Every picture stays out; everything else in the listing below is to be returned exactly.

----

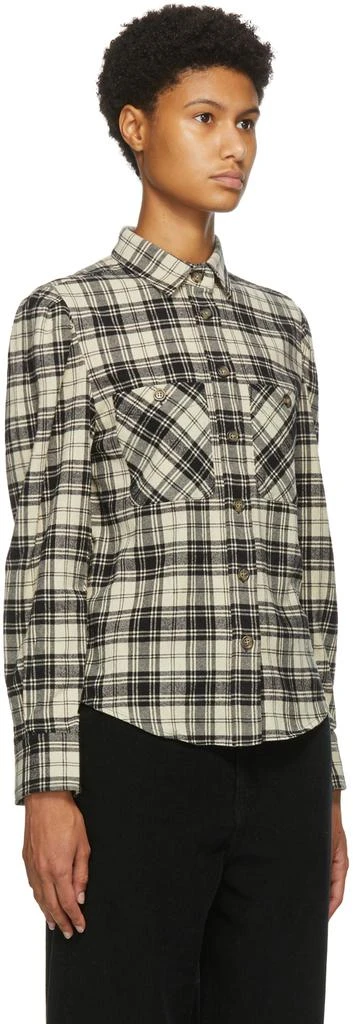 商品Isabel Marant|Black & White Check Falco Shirt,价格¥859,第2张图片详细描述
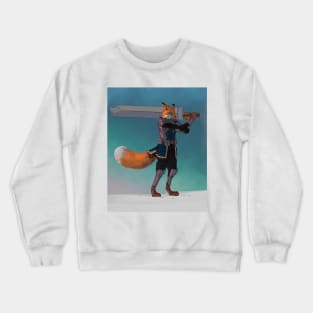 Fox fighter Crewneck Sweatshirt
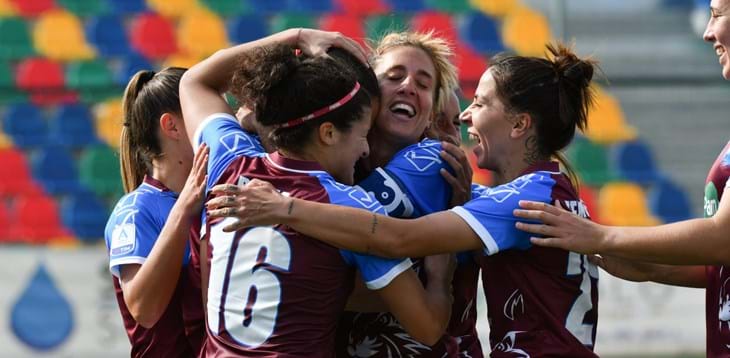 Il Pomigliano resta in Serie A, alla Lazio non basta la vittoria per 1-0 nel match di ritorno dello spareggio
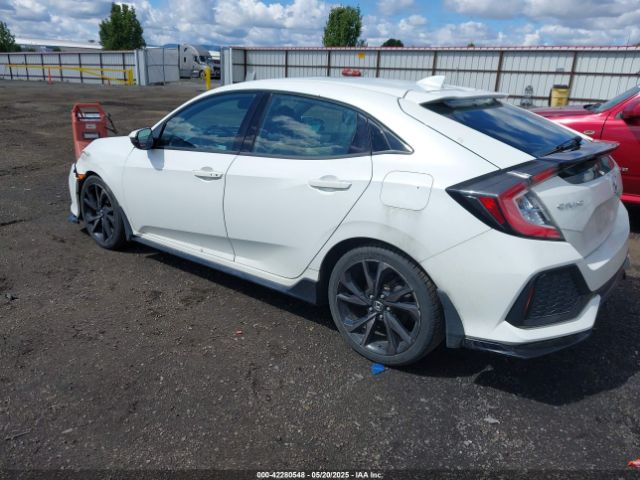 SHHFK7H92KU415680 Honda Civic Sport Touring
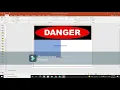 HOW TO MAKE DANGER SIGNAGE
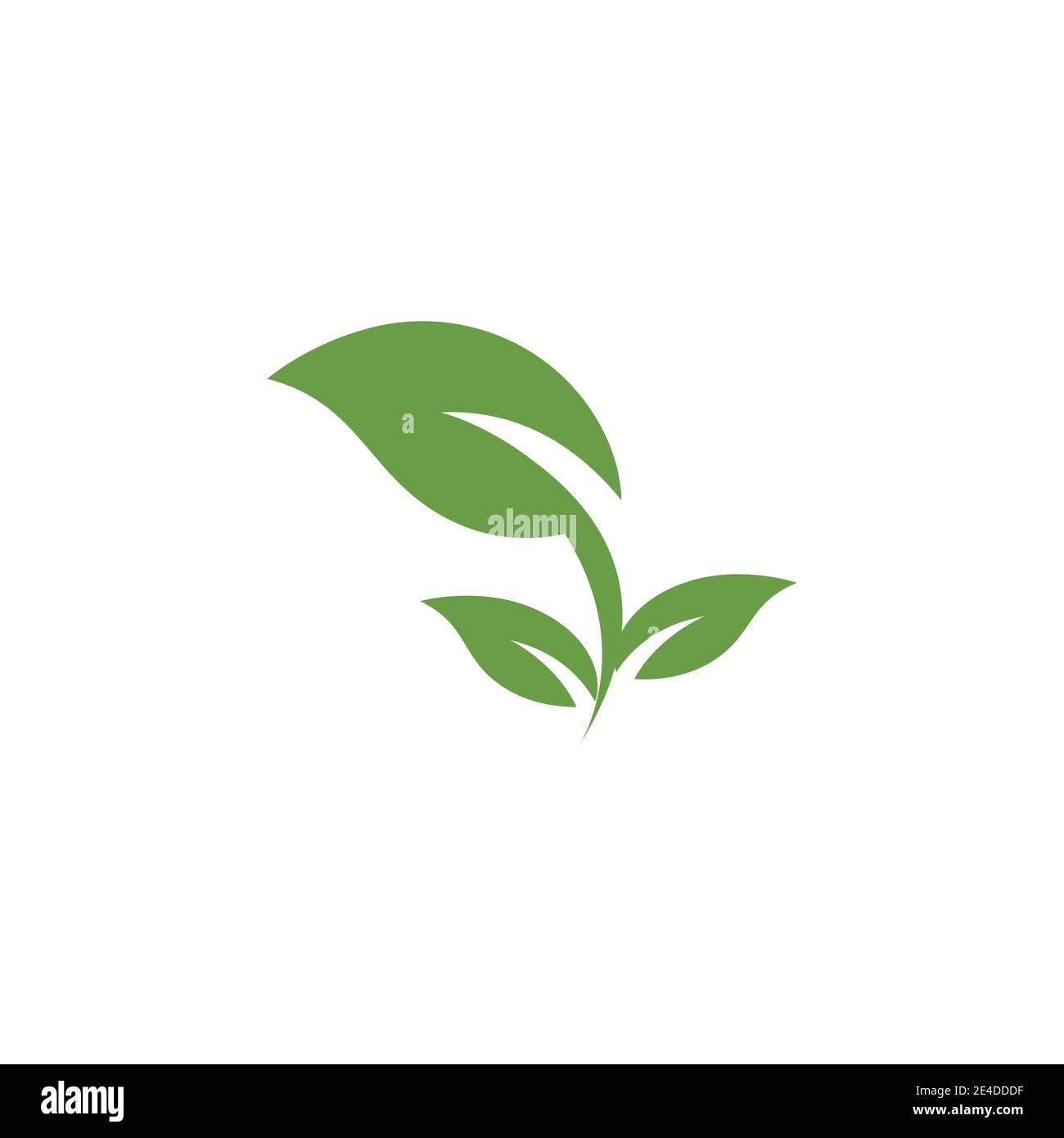 Leaf Logo Template vector symbol nature Stock Vector Image & Art - Alamy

----

- Result of this task:
 商品Isabel Marant|Black & White Check Falco Shirt,价格¥859,第2张图片详细描述
 Fox fighter Crewneck Sweatshirt
 Il Pomigliano resta in Serie A, alla Lazio non basta la vittoria per 1-0 nel match di ritorno dello spareggio
 SHHFK7H92KU415680 Honda Civic Sport Touring
 HOW TO MAKE DANGER SIGNAGE
 Leaf Logo Template vector symbol nature Stock Vector Image & Art - Alamy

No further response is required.